» **Work task**: Nothing but the lines from the one containing "Prabowo Pimpin Renungan" through the last line of the material should appear in the answer, transcribed exactly, pictures excluded.

» **Dataset**:
········

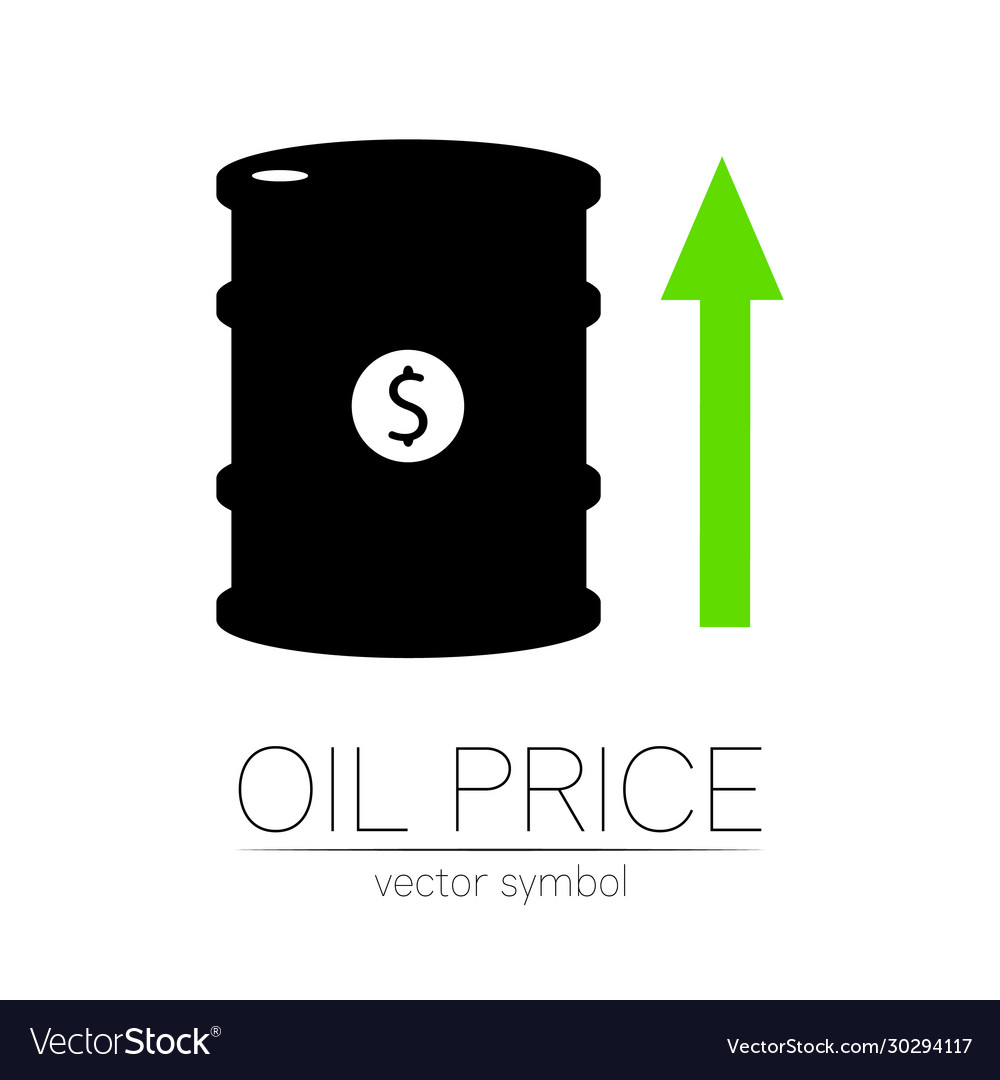 Ölstatistiken auf schwarzem Symbol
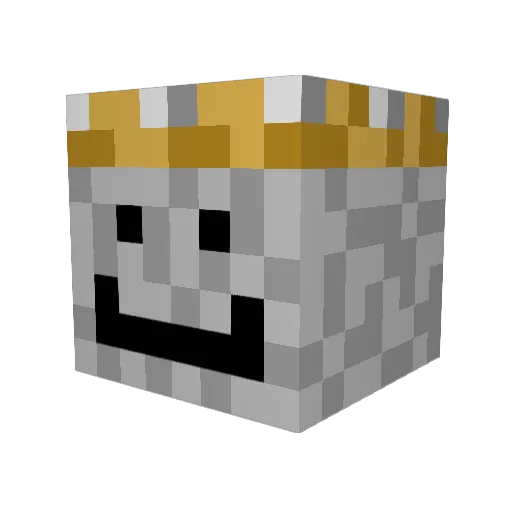 digqy Minecraft avatar head, 3D render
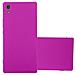 Custodia Compatibile Con Sony Xperia Xa1 In Frosty Rosa - Hard Case Coperchio Protettivo In Frosted Look Contro I Graffi E Gli Urti - Foto miniatura 3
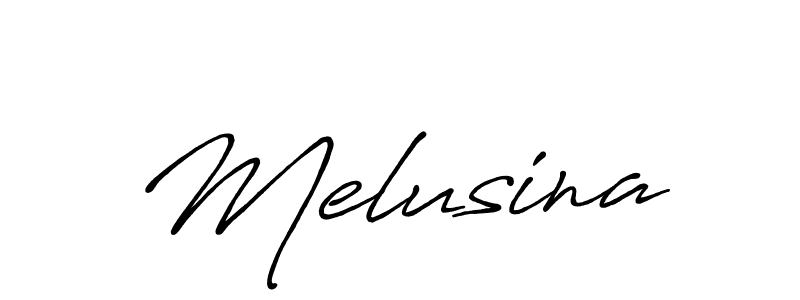 if you are searching for the best signature style for your name Melusina. so please give up your signature search. here we have designed multiple signature styles  using Antro_Vectra_Bolder. Melusina signature style 7 images and pictures png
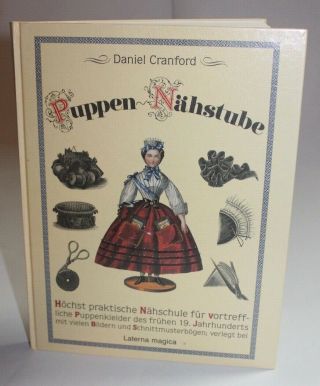 Vtg 1991 German Doll Book Puppen Nahstube Daniel Cranford Doll Clothes Patterns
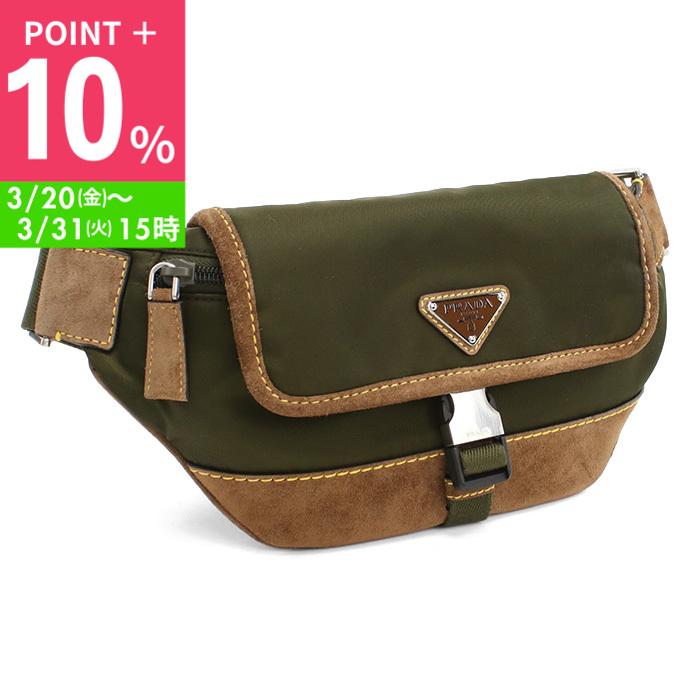 PRADA（プラダ） Re-Nylonスエードベルトバッグ ボディバッグ 2VH176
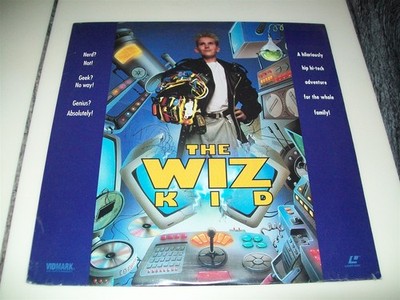 THE WIZ KID Laserdisc LD BRAND NEW ULTRA RARE GREAT FILM MARTIN FORBES STARS!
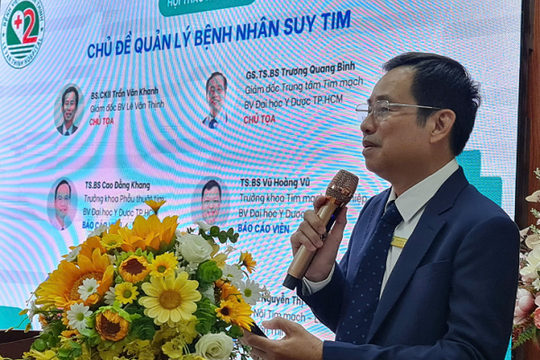 50% bệnh nhân suy tim sẽ tử vong sau 5 năm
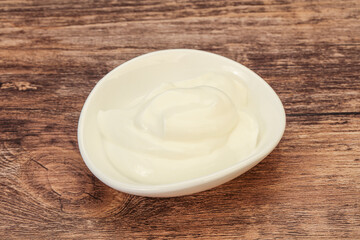 Sour cream in the bowl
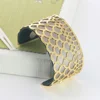 Fish Scale Pattern Gold Color Plated Stainless Steel Jewelry Interchangeable Leather Custom Bracelet
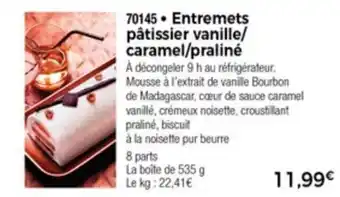 Thiriet Entremets Pâtissier Vanille/Caramel offre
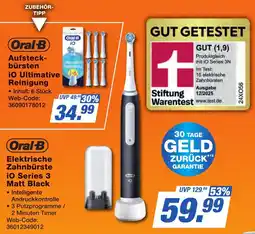 K+B Expert Oral-B Elektrische Zahnbürste iO Series 3 Matt Black Angebot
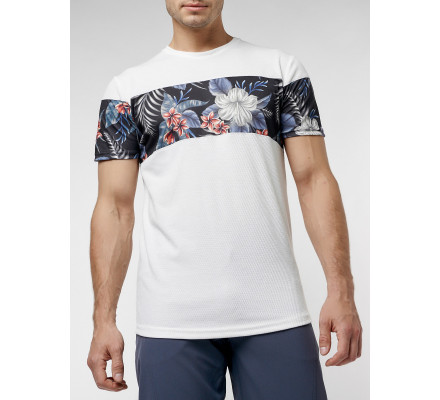 Футболка с принтом белого цвета 225174Bl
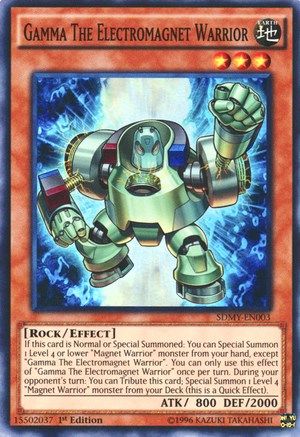Image of Gamma The Electromagnet Warrior (SDMY-EN003) - Structure Deck: Yugi Muto 1st Edition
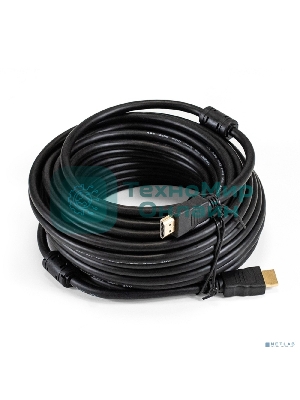 Кабель HDMI ExeGate EX-CC-HDMI-15.0F (19M/19M, 15м, v1.4b, ферритовые кольца, позолоченные контакты)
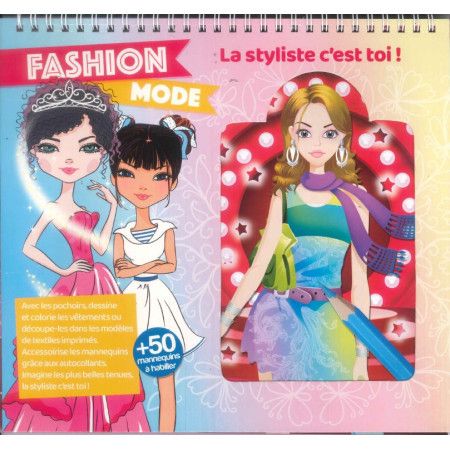 La styliste c'est toi : crée ta mode (rose) - 9782754213301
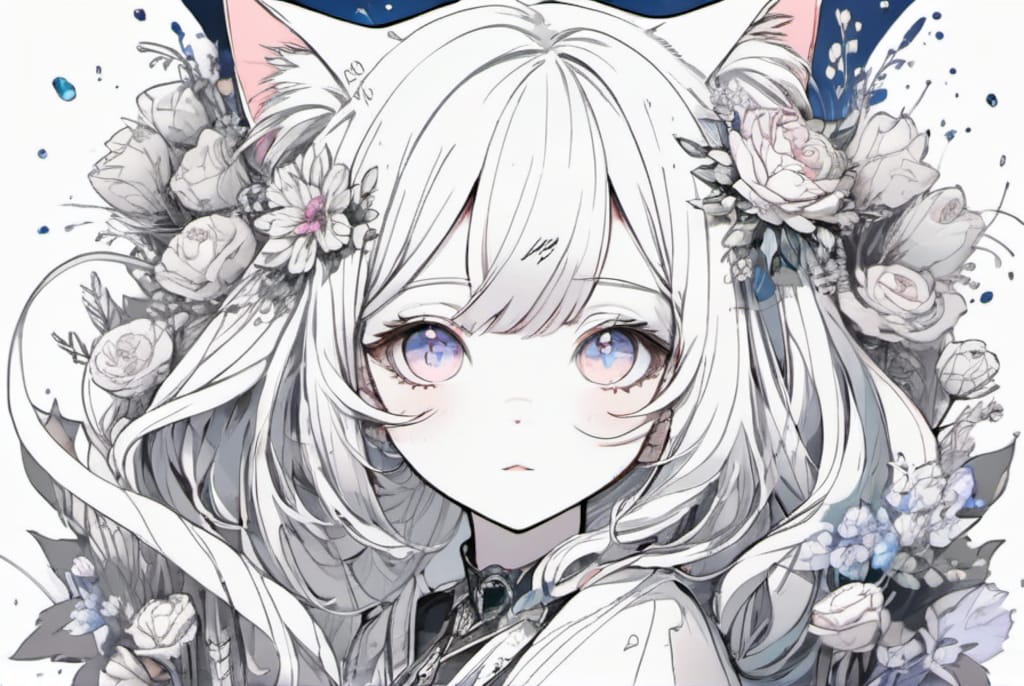猫耳少女(illustration) : 2023.12.05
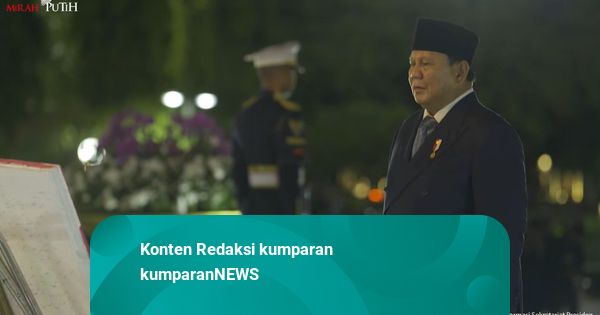 Prabowo Pimpin Renungan di TMP Kalibata: Jangan Lupakan Jasa Pahlawan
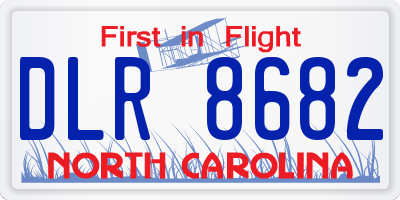 NC license plate DLR8682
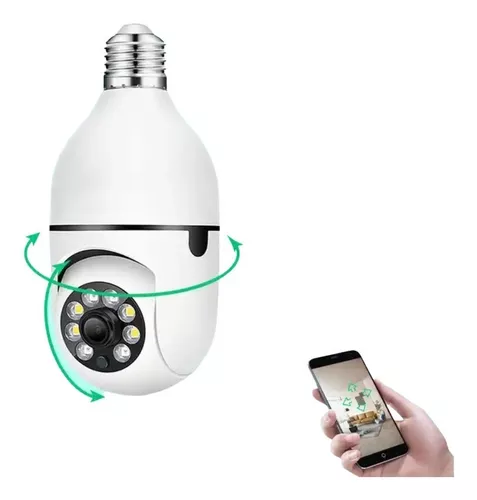 Camara Bombillo Ip Wifi Inalambrica Robotica Seguridad 360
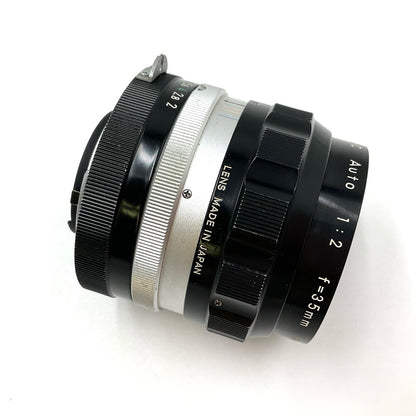 【全額返金保証】【最速発送】Nikon 非Ai NIKKOR-O・C Auto 35mm f2 動作確認済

········

» **Solution below**:
 Prabowo Pimpin Renungan di TMP Kalibata: Jangan Lupakan Jasa Pahlawan
 NC license plate DLR8682
 Camara Bombillo Ip Wifi Inalambrica Robotica Seguridad 360
 【全額返金保証】【最速発送】Nikon 非Ai NIKKOR-O・C Auto 35mm f2 動作確認済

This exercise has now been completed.